Ailleurs, la musique suit d'une façon vivante et plaisante les épisodes mouvementés, les jeux de Gargantua avec ses compagnons et compagnes ; le cortège des juges, qui débute comme la « Marche des corporations » des Maîtres Chanteurs, etc.

Le dialogue proprement dit, soutenu par l'orchestre qui le commente et qui, pour ne pas tomber dans les disparates, garde un peu de rudesse ou de pesanteur, n'a pas toujours autant de valeur expressive.

L'Opéra-Comique a fait, pour monter Gargantua, un effort proportionné à celui dont témoigne l'ouvrage lui-même et un effort somme toute heureux. Comment donner mieux, sur une scène aussi étroite, l'impression de la multitude et celle de l'énormité ? Comment surtout rendre visibles ces enflures soudaines qui, dans Rabelais, gonflent tout d'un coup les gens et les choses et en bouleversent les proportions réciproques ? Il suffit que l'enluminure crue et sommaire du décor et des costumes laisse une impression générale d'imagerie burlesque : c'est à quoi l'Opéra-Comique n'a pas manqué. Je souhaiterais seulement de voir disparaître les quelques danseuses, accoutrées en rats d'hôtel, qui, au dernier tableau, figurent les corbeaux voletant autour des trois pendus : ni leur ajustement, ni leurs évolutions ne sont en harmonie avec le reste du spectacle, pas plus d'ailleurs qu'avec la musique.

M. Verdière, ténor solide et brillant, prête à Gargantua une franche rondeur ; M. Baldous fait un Grandgousier robuste et cordial ; M. Jean Vieuille chante et joue avec une éclatante animation le rôle de Frère Jean. Celui (dissimulé, sinon muet...) d'une accouchée hurlante, tenu par un homme, est désigné pour la caricature : M. Derroja, surtout dans le rôle de Picrochole qu'il tient également, tombe dans la pitrerie aux dépens du chant et de la musique : il faut corriger cela. Mlle Pocidalo prodigue au rôle de Magdeleine tous les dehors de la verve la plus traditionnelle. On ne peut citer tous les artistes qui complètent avec zèle la distribution : MM. Rousseau, Durel, Mmes Gaudel, Julliot, etc.
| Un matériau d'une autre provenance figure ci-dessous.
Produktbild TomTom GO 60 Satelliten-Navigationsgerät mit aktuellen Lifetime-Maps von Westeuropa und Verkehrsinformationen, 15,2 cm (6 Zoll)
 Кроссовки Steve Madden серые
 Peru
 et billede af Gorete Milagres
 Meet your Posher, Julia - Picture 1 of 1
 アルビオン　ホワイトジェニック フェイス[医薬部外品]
La partie chorale, très importante, nous l'avons dit, et parfois difficile, est exécutée aussi bien que le comportent les habitudes de la scène française. Au pupitre, M. Paul Bastide déploie ses qualités appréciées d'animateur : la suite des représentations ne manquera pas de réaliser entre le « plateau » et la « fosse » une concordance plus constamment rigoureuse.